- **HOW TO COMPLETE THIS TASK**
Start at the top and transcribe every record through the final line exactly.
DATASET EXTRACT section start
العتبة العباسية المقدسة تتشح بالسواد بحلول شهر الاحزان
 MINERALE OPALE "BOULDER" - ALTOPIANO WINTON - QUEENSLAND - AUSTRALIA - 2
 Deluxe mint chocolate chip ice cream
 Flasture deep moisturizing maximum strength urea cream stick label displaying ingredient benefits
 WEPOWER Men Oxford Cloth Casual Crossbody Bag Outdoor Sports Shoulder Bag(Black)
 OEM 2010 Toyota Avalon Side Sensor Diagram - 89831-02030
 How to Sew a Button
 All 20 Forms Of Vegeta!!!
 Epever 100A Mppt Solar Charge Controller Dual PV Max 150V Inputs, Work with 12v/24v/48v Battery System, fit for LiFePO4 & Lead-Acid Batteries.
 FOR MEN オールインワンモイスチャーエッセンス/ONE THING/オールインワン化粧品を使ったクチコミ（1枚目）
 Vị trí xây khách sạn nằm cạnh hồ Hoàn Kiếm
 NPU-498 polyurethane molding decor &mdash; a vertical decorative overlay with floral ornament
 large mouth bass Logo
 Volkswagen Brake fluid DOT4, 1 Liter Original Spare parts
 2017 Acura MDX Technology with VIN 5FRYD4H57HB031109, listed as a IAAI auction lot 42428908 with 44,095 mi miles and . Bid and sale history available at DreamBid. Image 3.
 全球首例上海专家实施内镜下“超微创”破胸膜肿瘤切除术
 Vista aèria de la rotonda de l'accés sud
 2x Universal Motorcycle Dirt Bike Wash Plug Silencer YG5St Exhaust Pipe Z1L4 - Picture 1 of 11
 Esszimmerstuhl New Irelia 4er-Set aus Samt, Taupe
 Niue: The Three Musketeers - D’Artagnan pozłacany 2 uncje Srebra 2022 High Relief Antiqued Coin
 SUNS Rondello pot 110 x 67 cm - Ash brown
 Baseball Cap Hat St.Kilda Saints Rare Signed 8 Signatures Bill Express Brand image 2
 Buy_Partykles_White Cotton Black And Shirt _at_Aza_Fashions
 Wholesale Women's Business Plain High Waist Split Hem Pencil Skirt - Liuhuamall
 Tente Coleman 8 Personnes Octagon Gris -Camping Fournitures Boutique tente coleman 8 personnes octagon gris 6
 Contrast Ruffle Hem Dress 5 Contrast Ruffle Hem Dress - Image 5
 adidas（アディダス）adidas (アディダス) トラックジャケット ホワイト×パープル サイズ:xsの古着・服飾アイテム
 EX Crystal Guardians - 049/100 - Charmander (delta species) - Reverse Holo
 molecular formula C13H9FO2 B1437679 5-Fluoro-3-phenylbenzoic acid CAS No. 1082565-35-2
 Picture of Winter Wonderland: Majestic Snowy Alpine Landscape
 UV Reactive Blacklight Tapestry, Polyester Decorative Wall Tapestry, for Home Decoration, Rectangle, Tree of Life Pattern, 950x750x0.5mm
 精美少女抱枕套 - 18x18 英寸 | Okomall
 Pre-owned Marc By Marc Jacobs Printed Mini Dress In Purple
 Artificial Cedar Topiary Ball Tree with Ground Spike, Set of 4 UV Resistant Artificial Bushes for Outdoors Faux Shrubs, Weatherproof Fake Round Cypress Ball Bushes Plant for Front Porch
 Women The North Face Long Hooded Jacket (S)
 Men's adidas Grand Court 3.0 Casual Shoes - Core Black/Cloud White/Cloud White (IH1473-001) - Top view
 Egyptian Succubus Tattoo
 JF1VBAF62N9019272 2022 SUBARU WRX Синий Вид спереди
DATASET EXTRACT section end
- **EXERCISE ANSWER**
العتبة العباسية المقدسة تتشح بالسواد بحلول شهر الاحزان
 MINERALE OPALE "BOULDER" - ALTOPIANO WINTON - QUEENSLAND - AUSTRALIA - 2
 Deluxe mint chocolate chip ice cream
 Flasture deep moisturizing maximum strength urea cream stick label displaying ingredient benefits
 WEPOWER Men Oxford Cloth Casual Crossbody Bag Outdoor Sports Shoulder Bag(Black)
 OEM 2010 Toyota Avalon Side Sensor Diagram - 89831-02030
 How to Sew a Button
 All 20 Forms Of Vegeta!!!
 Epever 100A Mppt Solar Charge Controller Dual PV Max 150V Inputs, Work with 12v/24v/48v Battery System, fit for LiFePO4 & Lead-Acid Batteries.
 FOR MEN オールインワンモイスチャーエッセンス/ONE THING/オールインワン化粧品を使ったクチコミ（1枚目）
 Vị trí xây khách sạn nằm cạnh hồ Hoàn Kiếm
 NPU-498 polyurethane molding decor &mdash; a vertical decorative overlay with floral ornament
 large mouth bass Logo
 Volkswagen Brake fluid DOT4, 1 Liter Original Spare parts
 2017 Acura MDX Technology with VIN 5FRYD4H57HB031109, listed as a IAAI auction lot 42428908 with 44,095 mi miles and . Bid and sale history available at DreamBid. Image 3.
 全球首例上海专家实施内镜下“超微创”破胸膜肿瘤切除术
 Vista aèria de la rotonda de l'accés sud
 2x Universal Motorcycle Dirt Bike Wash Plug Silencer YG5St Exhaust Pipe Z1L4 - Picture 1 of 11
 Esszimmerstuhl New Irelia 4er-Set aus Samt, Taupe
 Niue: The Three Musketeers - D’Artagnan pozłacany 2 uncje Srebra 2022 High Relief Antiqued Coin
 SUNS Rondello pot 110 x 67 cm - Ash brown
 Baseball Cap Hat St.Kilda Saints Rare Signed 8 Signatures Bill Express Brand image 2
 Buy_Partykles_White Cotton Black And Shirt _at_Aza_Fashions
 Wholesale Women's Business Plain High Waist Split Hem Pencil Skirt - Liuhuamall
 Tente Coleman 8 Personnes Octagon Gris -Camping Fournitures Boutique tente coleman 8 personnes octagon gris 6
 Contrast Ruffle Hem Dress 5 Contrast Ruffle Hem Dress - Image 5
 adidas（アディダス）adidas (アディダス) トラックジャケット ホワイト×パープル サイズ:xsの古着・服飾アイテム
 EX Crystal Guardians - 049/100 - Charmander (delta species) - Reverse Holo
 molecular formula C13H9FO2 B1437679 5-Fluoro-3-phenylbenzoic acid CAS No. 1082565-35-2
 Picture of Winter Wonderland: Majestic Snowy Alpine Landscape
 UV Reactive Blacklight Tapestry, Polyester Decorative Wall Tapestry, for Home Decoration, Rectangle, Tree of Life Pattern, 950x750x0.5mm
 精美少女抱枕套 - 18x18 英寸 | Okomall
 Pre-owned Marc By Marc Jacobs Printed Mini Dress In Purple
 Artificial Cedar Topiary Ball Tree with Ground Spike, Set of 4 UV Resistant Artificial Bushes for Outdoors Faux Shrubs, Weatherproof Fake Round Cypress Ball Bushes Plant for Front Porch
 Women The North Face Long Hooded Jacket (S)
 Men's adidas Grand Court 3.0 Casual Shoes - Core Black/Cloud White/Cloud White (IH1473-001) - Top view
 Egyptian Succubus Tattoo
 JF1VBAF62N9019272 2022 SUBARU WRX Синий Вид спереди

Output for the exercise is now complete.